Years went by and I started writing more with my
electric Jackson RR, until I barely even touched the
acoustic guitar. Few years ago when we were writing
the material for our latest album, Glamtron, the
keyboards came heavily along again. They have
remained in the picture, since Desyre's sound nowadays
include the synthwave-elements as well.
But... Now I have noticed that the acoustic Landola,
once again, feels quite nice in my hands. I have written
an acoustic piece for the new album, which will be
linked to a heavier piece. Actually I would almost
prefer to call it a prologue, rather than intro. Also,
I've been playing with the idea of re-doing some of the
earlier songs with today's sound. Many of those were
written with the acouctic guitar. Line Of Fire, for
example. We'll see what the future holds.
Some of you remember our first two demos "Hair
Metal Madness" (2004) and "Out Of The Blue /
Into The Red" (2005). That's a total of 8 songs. There
are bound to be one or two potential pieces for re-arranging.
Maybe. Hopefully. And all that, you know. This doesn't mean that I don't have enough material for the upcoming third album. No, no.. I've got plenty. I'm drownin' here! ☺
Anyway, what I really wanted to blog about, is the writing-process itself. There are many styles and one is not necessarily better than the other.

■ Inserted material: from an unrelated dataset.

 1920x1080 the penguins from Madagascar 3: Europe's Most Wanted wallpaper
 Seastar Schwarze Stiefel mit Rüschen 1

One thing it often can be is lonely. You are alone with the raw composition or idea, trying to carve the future masterpiece out of it.
When you're a young rock-composer (where guitars are very important piece of the puzzle) and guitar is your choice of instrument, in the beginning you probably lack the ability to perform the acrobatics you might've heard played by your heroes and such. Your compositions also are understandably simpler that what they are today. Ok, I'm speaking for my own perspective here, but I know this applies to most rock musicians.
In time you progress as a player and also as a composer. It might happen that suddenly the technical stuff, you once thought the world of, doesn't seem to be so life and death -matter. Instead you might want to create solid and concordant musical pieces. Just today I was just improvising some things with my Jacko and suddenly it dawned on me; I've been limiting myself when I do the actual pre-production (solos, riffs, fills, etc.) to my songs. I need to cutback that "I'm supposed to do this kind of music this way"-thinking and just go for it.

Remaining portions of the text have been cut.